Overall prices tended to soften again Thursday, but the declines were considerably smaller than those on Wednesday in most cases. Except for a maintenance-related implosion in the Rockies market and a hefty drop on still-most-expensive Columbia-Appalachia (TCO), the great majority of points ranged from flat to less than a dime lower, and a couple saw moderate gains.

Fasten your seat belts, though. Considering low weather-related load, the sharp screen drops of the last couple of days and the typical exaggerated demand slump over a holiday weekend, one source looks for all cash numbers to be “pretty dang weak” Friday. He noted that several pipes were already warning of high linepack, expected low demand and highly limited storage flexibility that made them fear being overrun with gas.

Following a convention largely developed in the past year for when the first of a month falls on a weekend, Thursday’s swing trading was done for Friday and Saturday (Aug. 30-31), leaving Friday’s deals to cover Sunday through Tuesday (Sept. 1-3). Expressing his bear tendencies in a slightly different manner from the above source, a marketer said, “Cash tomorrow [Friday] is going to be mighty sloppy. It is hard enough getting utilities to tell us their needs in advance. Forecasting two days out on top of adding Labor Day makes it nearly impossible.”

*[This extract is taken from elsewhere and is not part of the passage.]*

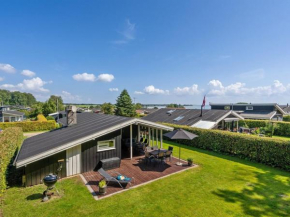 Holiday Home Fiete - 200m from the sea by Interhome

Another marketer agreed with the weekend softening outlook, adding that he expects prices to remain weak through the early part of September, barring any events such as a new severe heat wave (unlikely, in his opinion) or a hurricane. Speaking of which, a group of thunderstorms got organized enough to qualify for tropical depression status. TD Four was more than 600 miles southwest of the Cape Verde Islands as of Thursday afternoon and moving westward. It was expected to gradually strengthen into a tropical storm, when it would be named Dolly.

The EIA contributed to the bearish mood with a Thursday morning report of 59 Bcf being injected into storage last week. The volume exceeded most prior expectations and sent the October futures contract to a loss of more than 15 cents on its first day as prompt month. “An unexpected EIA storage report can really mess with a trader’s day,” a Calgary-based producer said. “There was a fair volume of daily deals being done early on. Then, after the storage report came out, it all dried up and nothing got done. Volume just dries up if [the market] makes a big move based on a storage report. One side is just not willing to deal.”

Calling the 59 Bcf injection very bearish, a marketer commented that “I thought it would have been 40-50 Bcf, given that traders were pulling gas out of storage to take advantage of the price run-up last week.”

Northeast demand shrank drastically as almost no high temperatures were expected to rise above the 70s Friday. Markets were “few and far between” because the Northeast is so cool, one trader remarked. It was pretty chilly and rainy Thursday, but not enough to generate any heating load, a utility buyer in the region said. “It gives us a hint of fall being just around the corner.”

Columbia Gas (TCO) continued to top the price pile, but even it was weak, registering one of Thursday’s larger losses, a marketer said. With Northeast and Midwest market area demand fading away, some more gas is coming into TCO interconnects and cooling off the recent premium for Appalachian pool supplies, he added. Prices fell steadily during the morning, the marketer said; he believed he picked up the cheapest package at $3.60 late after numbers had started in the $3.90s.

As anticipated, Rockies prices were damaged again by the second of three approximately one-day Northwest outages scheduled for Friday (the first occurred Tuesday and the third is set for Sept. 4). “This one is a little further south of the one on the 27th and will back a huge amount of gas into the Rockies,” an area trader said. Prices that were already under a dollar sank even more, falling as low as 58 cents on Questar and at the Cheyenne Hub.

San Juan-Bondad and Sumas were the chief exceptions to the overall mild downturn with gains of about 30 cents and a dime respectively. Bondad benefited from relaxing San Juan and North Mainline capacity constraints on El Paso. Sumas, besides being a little short on normally available supply due to Westcoast’s Fort Nelson Gas Plant turnaround, got a boost from fulfilling Pacific Northwest demand that can’t be served by Rockies gas Friday.

Bidweek numbers were “a little softer than yesterday [Wednesday]” chiefly due to fresh screen weakness, a Midcontinent marketer said. He thought “just about everybody” had wrapped up September business by Thursday afternoon, leaving practically no last-minute deals to be done Friday as traders anticipate clearing out early for the Labor Day weekend.

A marketer said there didn’t seem to be much baseloading going on for September, which made him expect that the swing aftermarket will be active. A Northeast LDC buyers at least partially affirmed that perception, saying she had made no baseload purchases and that “we’ll play in the day-to-day market.”

Lack of liquidity was still an issue during this bidweek, one trader commented, but he was optimistic that the industry “will evolve out of it eventually.”